Oramai sono abbonato alle dive elettropazzopop con il primo piano in copertina, sufficienza gratis nei miei libri. Non fidatevi di me. Il successo di Em nome da estrela e della sua creatrice Xênia França è giustificato: il disco mette in fila una lunga serie di singoli killer macinando sulla componente brasiliana della performer e annegando il suo glitch da club in una vaporosa coltre di MPB/bossa postmoderna. Non fidatevi di me.


Non so se avrei dovuto parlare sul sito di questo carrozzone afro-funk futurista, ma se ho parlato dei maledetti King Garbage allora sì, probabilmente era il caso. Electricity vince sulle sue pulsioni highlife seguendo la direzione dell’afrobeat contemporaneo e tuffandosi a candela nelle ghiotte macchinazioni dance-punk che sono la cifra stilistica con cui viene venduta l’Africa nella contemporaneità angloamericana. È uno svantaggio? No, alla fine della fiera la Ibibio Sound Machine è tornata alla ribalta nella stampa internazionale e tutto sommato ha fatto una buona cosa.

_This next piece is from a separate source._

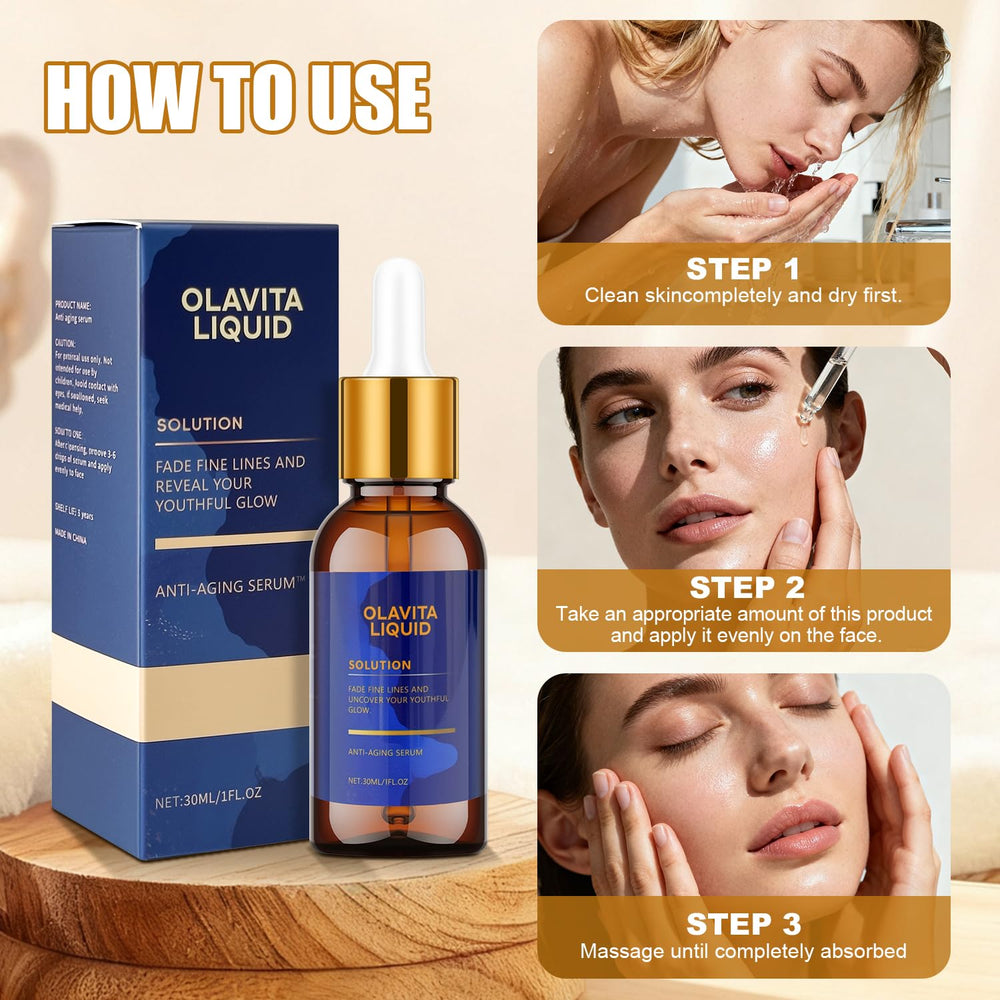 Rutina diaria con Olavita Liquid para luminosidad natural.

This is good. Carta Aberta è un gran bel disco che è uscito a novembre per la nostra amica raso. e che vuole essere un esperimento di nueva canciòn galiciana. All’atto pratico il debutto di Antía Muíño è un songbook pieno e struggente, con una dolcezza e una spontaneità che per certi versi ricorda la bravissima Natalia Lafourcade e dei degni accompagnamenti jazzati. Ad ascoltare Canta, miña compañeira, Tango de Oural e la splendida versione de La Llorona la speranza è, come al solito, che si sia solo all’inizio.


Non siamo rimasti inermi davanti al pop accelerato e sghembo di Kaitlyn Aurelia Smith – chi segue le nostre playlist se ne sarà accorto – ma è d’uopo una menzione d’onore di questo coloratissimo lavoro elettronico-collagistico, che ci fa tornare un po’ allo scorso decennio di progressive electronics e vaporwave, stavolta in una versione particolarmente massimalista e consapevole. Let’s Turn It Into Sound.

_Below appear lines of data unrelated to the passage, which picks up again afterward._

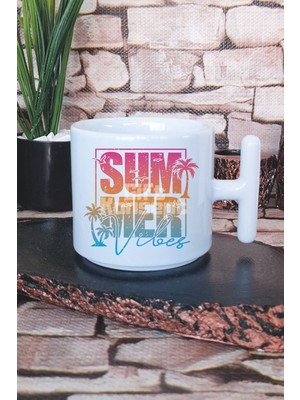 Retro Summer Vibes Palmiye Baskılı T Kulplu Latte Fincanı Kupa Bardak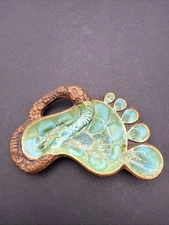 Vintage Treasure Craft Maui Hawaii Green Lava Glaze Foot Ashtray #3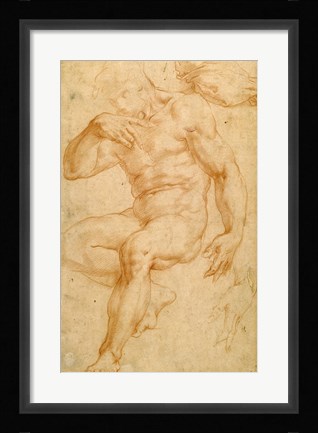 Framed Studies of a Male Nude, a Drapery, and a Hand Print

Purtroppo sono rimasto stupito in positivo dall’ultimo lavoro di Stromae, un artista di cui non me ne è mai fregato letteralmente nulla. Multitude è un bel disco, stacce. Dico a me.

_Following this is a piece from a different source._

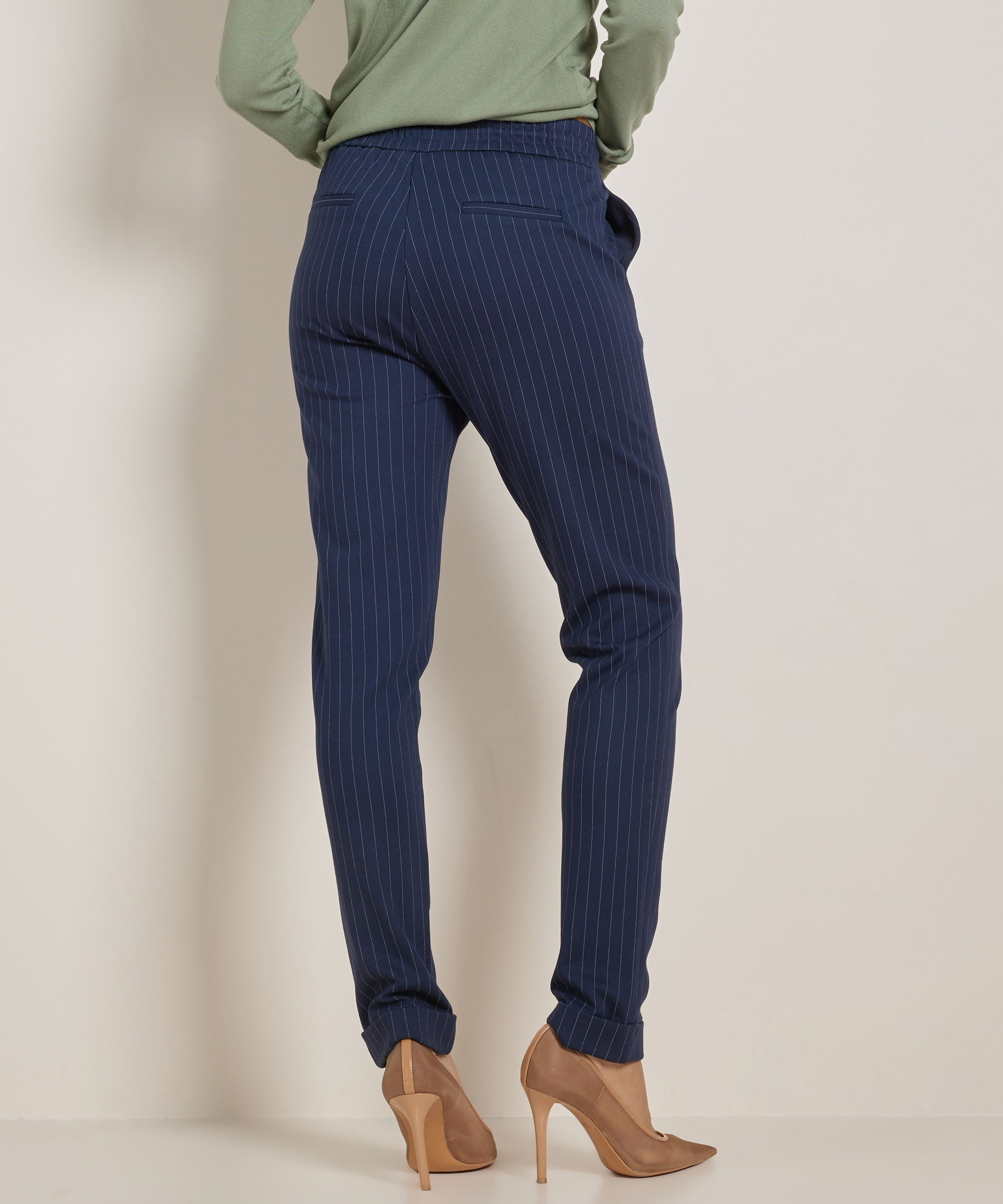 slim fit broek gestreept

Un rapporto più ambivalente ce l’ho, invece, con il grosso Natural Brown Prom Queen, disco che è stato sparato nella troposfera delle zine musicali di tutto il pianeta. Tutto di questo lavoro di Sudan Archives grida di una certa gravitas, dalla copertina alla tracklist, dal moniker dell’artista fino al suo strumento d’elezione. Volevo che fosse uno dei miei dischi dell’anno, ma la vera verità è che il disco non è altro che un lavoretto sveglio e piacevole: manca qualcosa. E chi si aggrappa con le unghie e con i denti a questa uscita in realtà ha solo i Beyoncé Issues e vuole un sostituto alternativo e “intelligente” nel proprio pantheon di quella monnezza che è Renaissance (di cui non avevo ancora parlato male). Sorry not sorry.


Rico Nasty

L’hip hop e quel poco che c’è da raccontare

Condivido il turbamento per un periodo stagnante dell’hip hop, e al di là di Xaybu, delle varie uscite grime di Hakuna Kulala e del mio flirt con il boom bap venezuelano non c’è stato moltissimo di cui parlare. Ho lasciato tutto quanto in mano a David, che ha un punto di vista un po’ più comprensivo del mio. Ci sono state, però, svariate uscite che mi hanno lasciato a un passo dall’amore e che vale la pena esplorare, con un’importante eccezione e delusione di cui devo per forza farvi menzione. 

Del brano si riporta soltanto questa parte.